Coup de sonnette. Le portier se dirigea vers le judas. En voyant la personne qui attendait, son visage s’éclaira d’un large sourire et il ouvrit rapidement la porte :
Bonsoir, il y a bien longtemps qu’on ne vous avait vue ! C’est un grand plaisir.
La femme, indifférente à ces propos, s’avança dans la pièce obscure et se dirigea vers le vestiaire. Elle quitta son manteau, puis ses chaussures. De son grand sac, elle sortit une paire de chaussures à talons hauts qu’elle enfila prestement tout en tendant son vêtement à la fille qui s’occupait du vestiaire.
Son arrivée n’était pas passée inaperçue. Trois hommes au bar qui discutaient s’étaient arrêtés subitement et leurs regards étaient maintenant fixés sur la femme, la déshabillant du regard.
Elle était assez grande, des cheveux courts frisés, deux petites perles d'or aux oreilles. Elle portait un chemisier échancré de soie noire et une jupe moulante qui s’arrêtait juste au-dessus du genou. Elle n’était pas spécialement belle, mais il émanait de tout son être une grande sensualité, tant dans la façon dont elle s’assit sur le haut tabouret que dans la manière lente et très étudiée dont elle porta une cigarette à ses lèvres.

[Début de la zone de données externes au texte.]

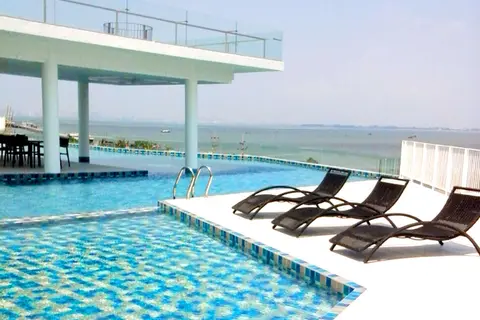 Tsix5 Hotel in พัทยา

Du feu ? L’un des hommes s’était précipité vers elle, devançant les autres.
Elle ne répondit pas, se contentant d’approcher la cigarette de la flamme qu’il lui tendait. Elle posa une main sur celle de l’homme qui tenait le briquet et un frisson parcourut alors ce dernier. Elle releva la tête, le dévisagea un court instant puis lui répondit d’une voix chaude et grave :
Merci.
Un grand silence régnait dans la boîte. Seule, la musique en fond rappelait qu’on était bien dans une discothèque. La piste était vide à cette heure de la journée.
La femme avait commandé une pina-colada et tout en sirotant son verre, elle détaillait chacun des hommes présents, choisissant sa future proie tout en gardant un air impassible.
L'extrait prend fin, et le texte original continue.